The overall performance comparison in Table 2 shows that our method is superior to the baselines on almost all evaluation datasets. The LLL corpus is the only one that our method does not perform best, but we also obtain a competitive result with Thomas et al.31 From Table 1, we found that the LLL test set only contains 330 instances, which is far less than the other PPI test sets. The limited size of the LLL corpus will likely lead to the significant score variance among different methods. Also, Thomas et al31 employed rich handcrafted feature vectors in their RE system, such as lexical and dependency parsing features. Following the shortest dependency path hypothesis, they created the respective dependency parse tree by using the syntactical and dependency information of edges and vertices.

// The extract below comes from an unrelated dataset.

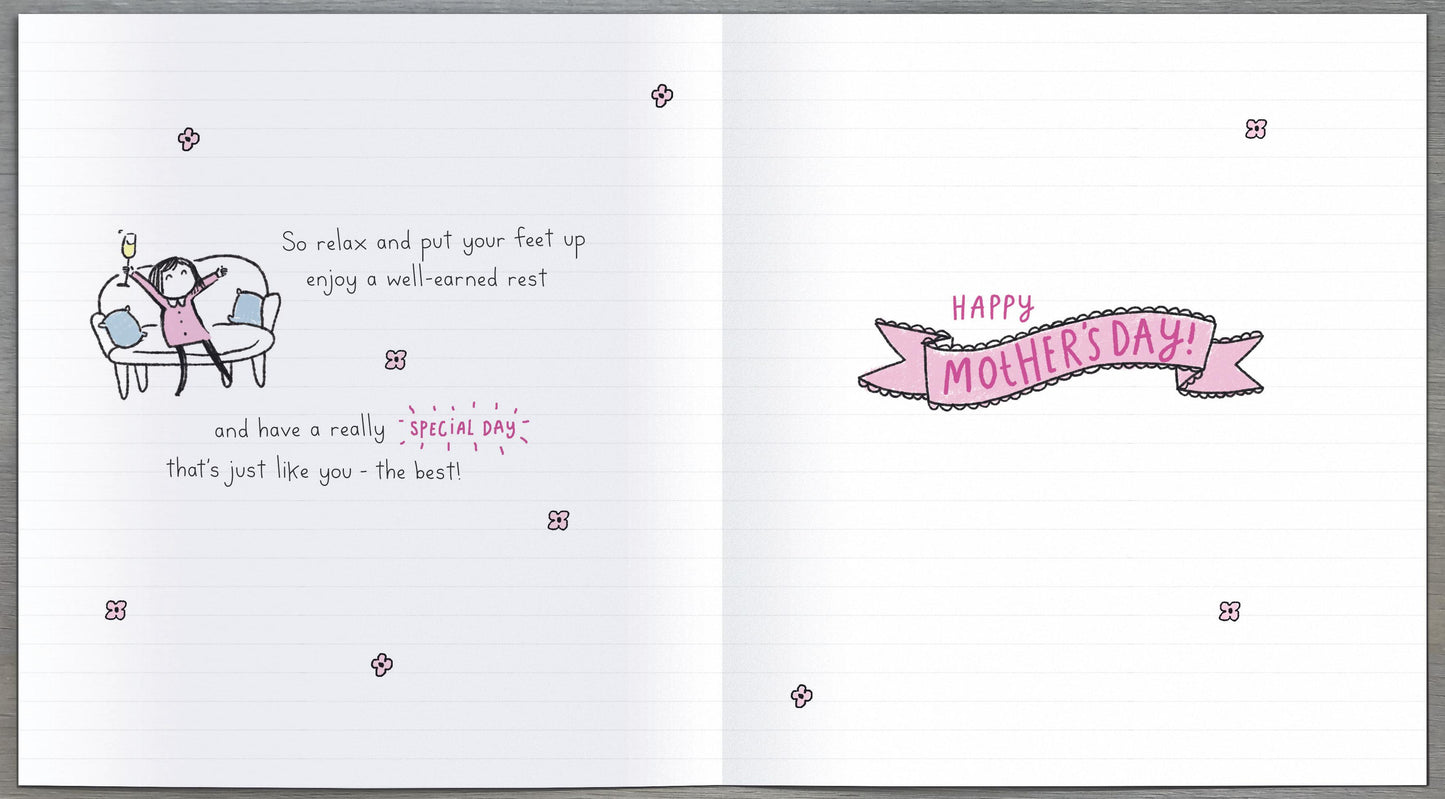 Standard Greeting Cards General Wish Cute Oodles of Doodles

However, the dependency parsing features are not included in our system. These may be the major reasons for the worse performance on this dataset. It should be noted that DDI in DrugBank includes both drug synergy and DDI. However, the DDI corpus includes only DDI information from DrugBank. Ideally, it is better to remove drug synergy from DDI in DrugBank because this part of the data may interfere with the model prediction. However, for a fair comparison, we followed the benchmark data31 and did not remove this part of the data. As shown in Table 2, BioBERT achieved relatively high F1-scores on the may-prevent and may-treat datasets, but it does not perform well on the DDI corpus, 2011, test set. This may be due to the fact that the DDI distantly labeled set contains more noisy data, and BioBERT is a supervised RE model that lacks the denoising module for noise reduction. It further demonstrates that the distantly supervised RE task is challenging, and simply applying a supervised RE model to weakly supervised datasets will get unsatisfactory performance.

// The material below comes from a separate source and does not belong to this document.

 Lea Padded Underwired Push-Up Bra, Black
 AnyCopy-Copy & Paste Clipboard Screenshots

From Table 3, we demonstrate the effectiveness of the usage of multichannel word embeddings, and we consider it may be due to the following advantages: (1) it decreases the number of unknown words by looking up the same word in different resources; (2) external information has been introduced by sharing among different embeddings; and (3) it is difficult to mine relation between biomedical mentions only using general word embeddings—however, biomedical word embeddings are suitable. To validate the contribution of filter attention, we show a visualization example in Figure 3. In this case, when the window size is equal to 4, it contains both the head and tail entities, and the PACNN model can directly extract information from the phrase: “ritonavirinduction ofmethadone.” However, when the window size is 2 or 3, only the information of the head entity can be obtained. Therefore, the attention weight is the largest when the window size is equal to 4. Finally, for the contribution of each component, we can conclude that (1) rich semantic information can improve the performance, (2) filter attention is of great importance for encoding semantic information, and (3) the RL denoising module would affect the total distantly supervised model’s performance.

Figure 3.

Figure 3.

Example of filter attention weights according to different window sizes.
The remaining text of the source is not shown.